The engines you show are both Maine Residents. The first is the SD Warren Paper company engine which Currently resides at the Boothbay Railway Village. I built a facimile of her using a Ruby chassis. it came out pretty well and was a pretty good likeness if just a bit smaller. The Emma would also work well for this but be a bit larger engine. You can make your own saddle tank to replace the boxy one and you will have a good looking engine!

the second engine is on of the larger "modern" Baldwin Forneys from the Bridgeton and Saco Railway that ended up in Portland on the waterfront. These are bigger engines than The Emma by a good bit.









My modified Ruby SD Warren engine with mini me.









My Modified Emma is modeled to represent as closely as possible WW&F #10 which is a former Plantation engine re-gauged from 30" to 24" now serving as the workhorse of the WW&F Railway Museum In Alna Maine.








WW&F #10 is small--tiny really and a bit smaller than the average of the Maine Two footers.

Both the Ruby and Emma make good starter engines and good candidates for Kit bashing. The Emma is a more powerful engine and will give better operation than the Ruby. The Ruby can be a little difficult to get smooth operation but It is a Fine Place to start...Get the Kit to learn a bit about how these things work. The Emma will give Good performance right out of the box. If you are interested in Modifying your new engine, choose one that has proportions suitable for your project.

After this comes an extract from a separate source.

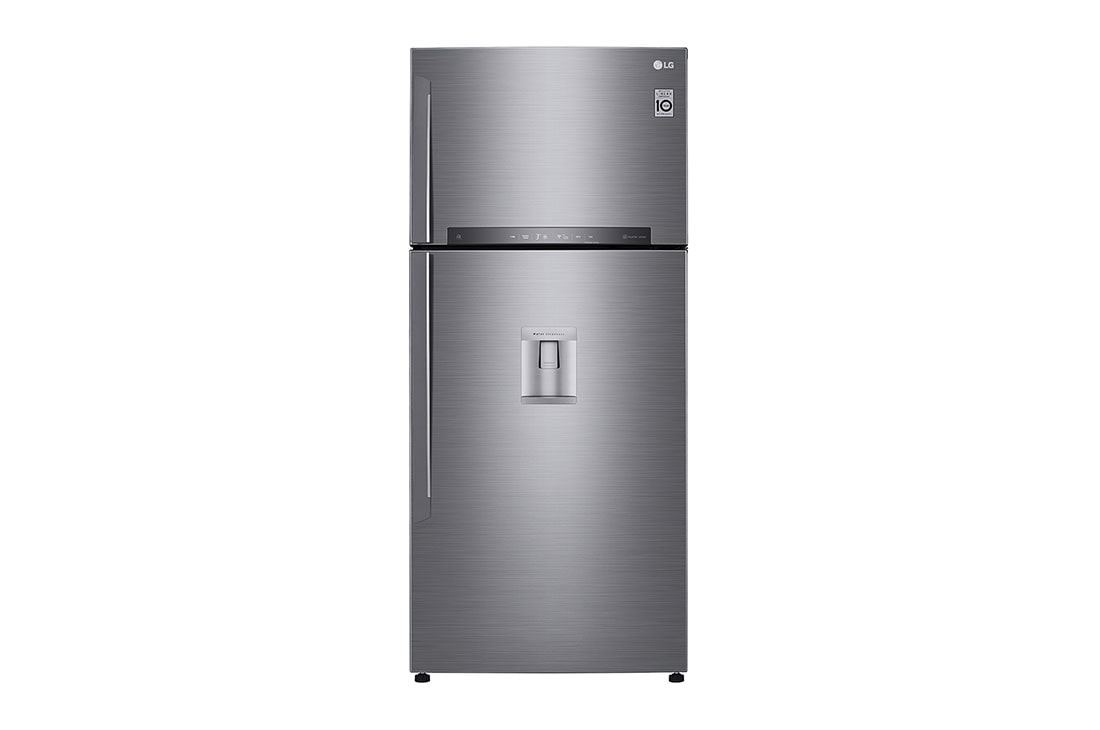 LG Хладилник С Горно Замразяване с DoorCooling+™ технология, 509 L Капацитет, GTF744PZPZD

I also have a Fairymead on order ... due any day now







. It would go well with Maine Narrow gauge equipment. Again it is on the small side like WW&F #10. It too will run beautifully and give great satisfaction (I ran the pilot model at a show) It will look the part with Maine equipment right out of the box. it could be modified to me more Maine like if you wanted to go there. I will probably add a proper pilot and couplers at the least.


----------



## Kovacjr (Jan 2, 2008)

Just as an FYI Steves site has been transferred to mine. 

Everything currently available is listed here. http://www.thetraindepartment.com/7-8ths-kits-and-accessories/


----------



## Underdog (Jan 31, 2014)

Posted By Kovacjr FYI Steves site has been transferred to .... here. http://www.thetraindepartment.com/7-8ths-kits-and-accessories/ Thanks for setting me straight. The Mikes Models in the UK site had some nice things. 
mike's


----------



## Scottychaos (Jan 2, 2008)

Underdog, 
this locomotive: 










is not a true "Maine 2-footer" in the sense that it never operated with any of the historic Maine 2-foot railroads.. 
it is *currently* in Maine! and its 2-foot gauge..but its a much later import to Maine.. 
In the same respect, the German 2-foot locomotives that are also at Boothbay today are also not "true Maine 2-footers" 
because they also never operated with any of the historic maine 2-foot railroads..they are also later imports to Maine. 

There was no Maine 2-foot railroad that operated in or near Boothbay.. 

There is a Big Boy locomotive currently sitting in Scranton PA..But that does not mean the UP Big Boy is a historic, prototypically accurate locomotive for Pennsylvania!  
If someone was modeling the DL&W in the 1940's they wouldnt have a Big Boy on the roster.. 
same concept.. 

So in that respect, the locomotive in the photo above really has absolutely nothing to do with the "Maine 2-footers" when we 
talk about the historic Maine 2-foot railroads..It simply isnt "one of them".. 

is there differentiation made between the locomotives used on small logging, mining, or industrial railways? Or are they grouped together for the most part? They are still 2-foot track? 

They are mostly grouped together..there isnt any real differentiation made..and yes, they are still 2-foot track. 

As Eric's excellent modeling shows, some of these smaller locomotive can certainty be adapted to be very "Maine-like"!  
they can be made to "look the part"..even if they are still a bit on the small side.. 
as with anything else in model railroading, there are no rules!  you can do whatever you like.. 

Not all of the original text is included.